Perché funziona nel processo di trattamento del fotorest I processi di essiccazione “soft” e “hard” influenzano il procedimento di rimozione dei solventi e lo sviluppo delle strutture polimeriche. Il nostro sistema a infrarossi riduce i tempi di essiccazione, mantenendo al contempo il controllo delle dimensioni critiche. Inoltre, la rapida risposta degli emettitori riduce il consumo energetico, senza compromettere la produttività.
L’affidabilità si manifesta nell’orario di funzionamento: i moduli hanno funzionato per oltre 5.000 ore, con un’escursione della produzione inferiore al 5%. I moduli possono essere sostituiti facilmente, mantenendo così l’operatività della linea di produzione.
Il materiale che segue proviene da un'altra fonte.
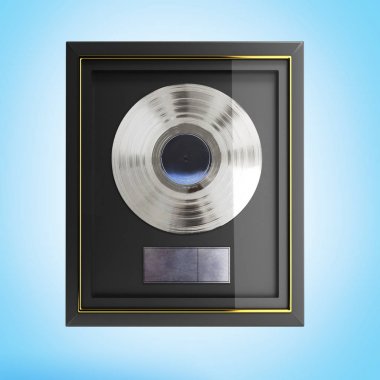 Etiketli çerçeve üzerinde duvar 3d render mavi, gümüş Cd Ödülü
Cosa bisogna tenere a mente Per ottenere prestazioni ottimali, è necessario abbinare lo spettro emesso dagli emettitori alla capacità di assorbimento del fotorest utilizzato, nonché abbinare il montaggio dei moduli alle caratteristiche meccaniche e di raffreddamento dell’attrezzatura. È consigliabile effettuare un test preliminare per regolare i parametri PID e verificare l’uniformità sul proprio substrato specifico. Una volta configurati correttamente, i moduli mantengono un comportamento termico entro i limiti previsti.